Tuttavia, né la norma istitutiva né le relative disposizioni attuative regolano il caso dei beni immateriali mai iscritti nell’attivo patrimoniale in quanto le relative spese sono transitate dal conto economico. Per rispondere a questo interrogativo, è possibile richiamare quanto affermato da Assonime, a commento delle precedenti leggi di rivalutazione (circolare 13/2001, paragrafo 6), secondo cui la condizione della protezione legale per i beni immateriali completamente ammortizzati sarebbe necessaria “per agganciare ad elementi di certezza, al di là delle risultanze contabili, la rivalutazione dei beni la cui esistenza, in effetti, non è riscontrabile sul piano fisico ma solo su quello giuridico”. Sulla scorta di queste considerazioni, la tutela giuridica rappresenterebbe l’elemento sostanziale per riconoscere o meno l’esistenza di beni immateriali e la relativa rivalutazione. In presenza di questa condizione, quindi, sarebbe ragionevole equiparare la fattispecie degli intangibles completamente ammortizzati e quella dei beni immateriali mai capitalizzati, e quindi iscritti, nell’attivo patrimoniale.

A supporto di questa tesi, viene richiamata la posizione espressa dall’agenzia delle Entrate con riferimento a fattispecie che, seppur diverse della rivalutazione legale, presentano effetti tali da poter esservi assimilate su un piano sostanziale. Con la nota 44434/99, la Dre Lombardia ha ammesso la possibilità di utilizzare il disavanzo di fusione (da annullamento e da concambio) «per l’iscrizione, nel bilancio della società incorporante, sia di una voce a titolo di avviamento, sia per la rivalutazione dei beni immateriali, documentalmente esistenti, in capo alla società incorporata», a prescindere dal fatto che questi ultimi non risultassero valorizzati nella contabilità dell’incorporata. Questo orientamento è stato altresì riconosciuto dalla Cassazione, nel caso di allocazione del disavanzo di fusione per la rilevazione di know-how in capo all’incorporante, seppur non iscritto nel bilancio dell’incorporata (si veda la sentenza 12308/2006).

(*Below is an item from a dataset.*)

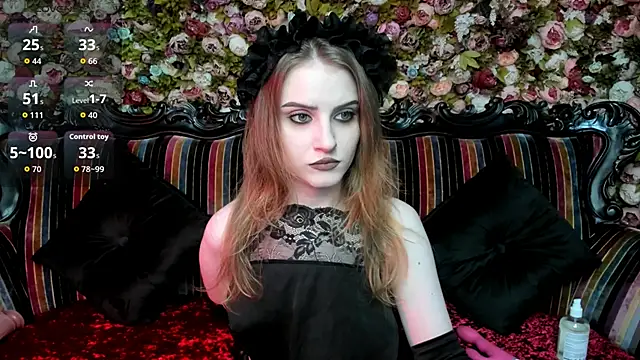 EllieMori webcam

Aderendo alla ricostruzione sopra esposta, ci si potrebbe peraltro chiedere quali altri elementi, oltre alla tutela giuridica, possano supportare l’esistenza dei beni immateriali che, ancorché non rinvenibili dall’attivo patrimoniale, fanno parte dell’impresa. Un ausilio potrebbe essere ad esempio offerto dall’opzione per il regime del patent box (articolo 1, commi 37-45, della legge 190/2014 e Dm 28 novembre 2017), in particolare qualora, per agevolare il regime impositivo e determinare il contributo economico di alcune tipologie di beni immateriali, sia stato sottoscritto un accordo con l’agenzia delle Entrate.

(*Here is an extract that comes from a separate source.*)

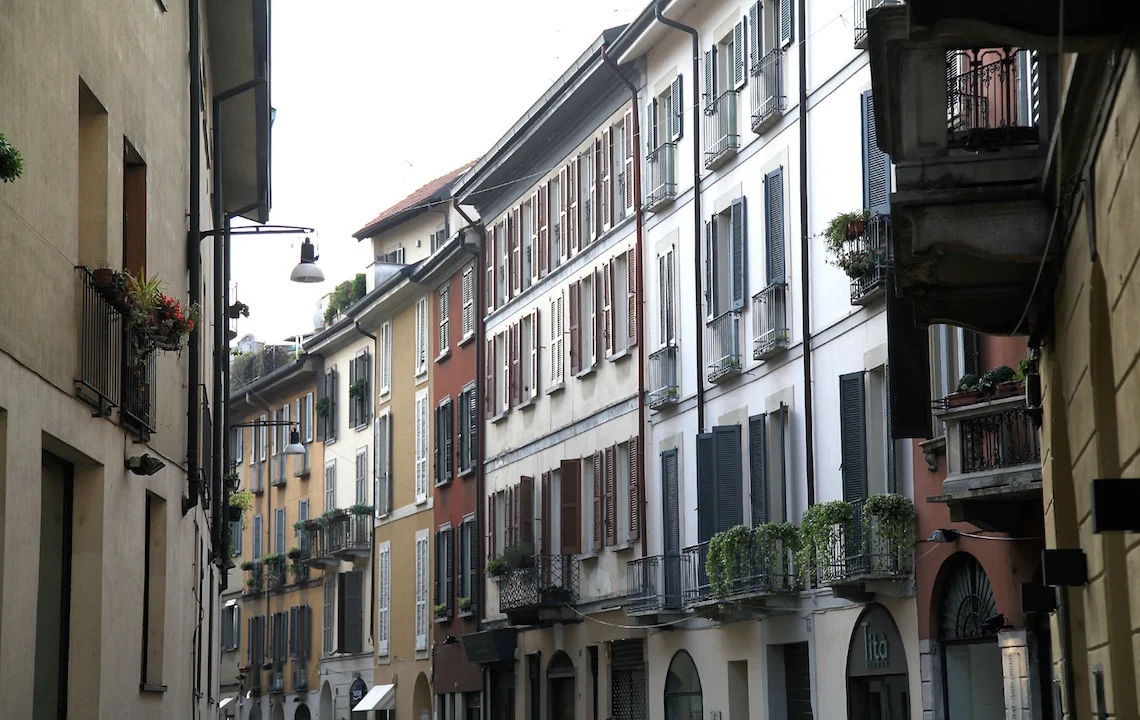 buildings-of-milan.jpg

In questi casi, l’accordo di ruling con il fisco potrebbe fornire elementi atti a quantificare il contributo economico dei beni immateriali non riscontrabili dall’attivo di bilancio, i quali opererebbero in sinergia con la condizione sostanziale della tutela giuridica, quale driver per accertare la loro esistenza nel patrimonio dell’impresa.